I want to use some of the phrases that the governor also used. The Monetary Policy Committee is of the view that the risk to growth is the “gravest”; he has talked about demand collapsing and it is not just today but previously as well. We have heard the RBI Governor Shaktikanta Das talking about doing whatever it takes against this war. We are fighting against Covid and utilising the entire ammunition which is available with the RBI. Can I ask you then what is it that the RBI perhaps is waiting for? Today’s moves are fantastic. They were very badly needed but it is not a bazooka that has been fired by the RBI governor. So with the kind of risk that is there to growth and with demand collapsing, why save it for later?
I think we have clearly communicated at multiple times that our approach is a different one. For other countries, maybe it makes sense for them to have done one grand package and then that is the end of it.
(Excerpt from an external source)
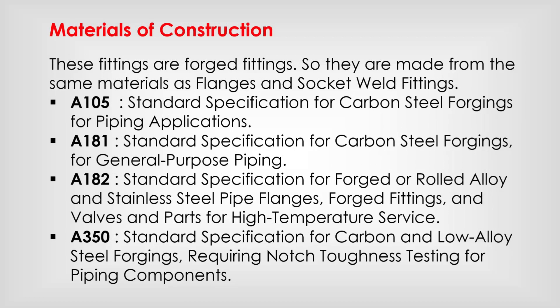These are forged fittings, so they are made from the same material as flanges and other forged fittings, per the applicable piping material specification.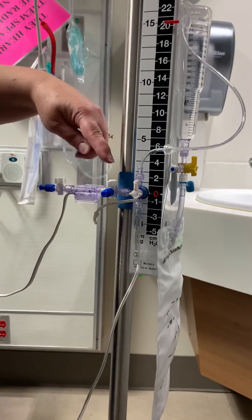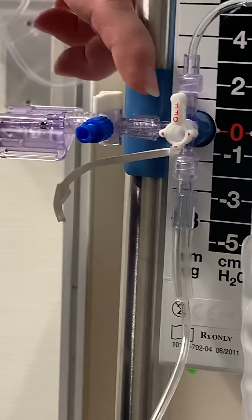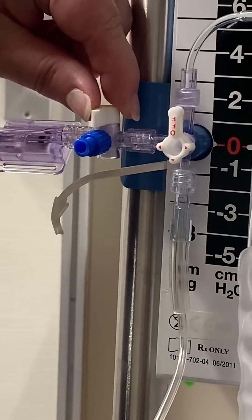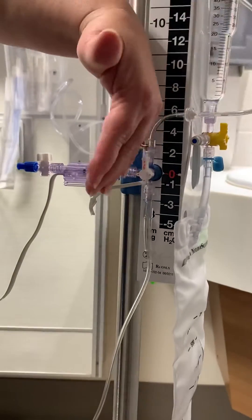What we're going to do is take the transducer stopcock — not the panel mount stopcock, but the transducer stopcock off of this special extra piece that we've put on for the transducing. We're going to turn this stopcock off to the drain and off to the patient, so everything on this side is now blinded.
We have gone for a more calibrated approach and the reason for that is simple. We are obviously dealing with an extremely uncertain situation. Our assessment is that this is not a sprint but a marathon and that we need to put these resources down. We are more than willing to do what is necessary but we are doing it in a more calibrated way. Simply putting out demand expansion measures when most of the country is under lockdown is not very helpful. So we have to make sure it is targeted in the right kind of place. Simply throwing it into the economy without thinking through exactly what the transmission mechanisms are will not be worthwhile.

So whether it is the ministry of finance or the Reserve Bank, we work very closely together. Our view is we will do what is needed but we will do it in a calibrated way, getting information along the way and putting it together. You are repeatedly seeing both the finance minister and the Reserve Bank governor every week or so come out to tell you a bunch of new measures and then we nuance it according to the feedback we get and we will do more if necessary.

You have seen rate cuts in the past. You have seen measures by the RBI to make sure that there is transmission of liquidity and that liquidity percolates down the value chain and that has not happened. Let us not talk about what is happening with the AAA-rated companies; only they are getting access to liquidity but the fact also is you have got nearly Rs 8 lakh crore parked by the banks given what is happening today in the ecosystem. It almost seems criminal that the Rs 8 lakh crore is just being parked and nothing has been done about it. What is it that the RBI and the government can do together to make sure that those funds with the banks are indeed used optimally?
The issue of transmission is really a serious one and we take it very seriously. For example, the government announced last week that it would be doing a 100% guarantee for the additional loans given out to the MSME sector. So we fully appreciate this particular problem with transmission. If you look at the government bond market, while short-term interest rates have declined very sharply, even after this announcement you can see that 10-year yields have dropped to somewhere in the 5.85% which in my view is very-very high even now. I think it should be down maybe below 5% at this point.

Anyway, the point is we take this matter seriously and we are now working very closely with the banks and understanding their concerns. But at the same time, we are also making sure that there is no cascade of defaults. That is one of the issues that obviously we are concerned about and you can see that we are providing moratoriums. The IBC has been laid off and put aside for about a year. So this is not about having one grand set of measures in the beginning. We have to continuously nuance it according to what we do, the feedback we get and then again do it. And we have to have some ammunition for the next round of steps if necessary. So this is something we will take your feedback on and on transmission, we fully agree with you and we will do what is necessary.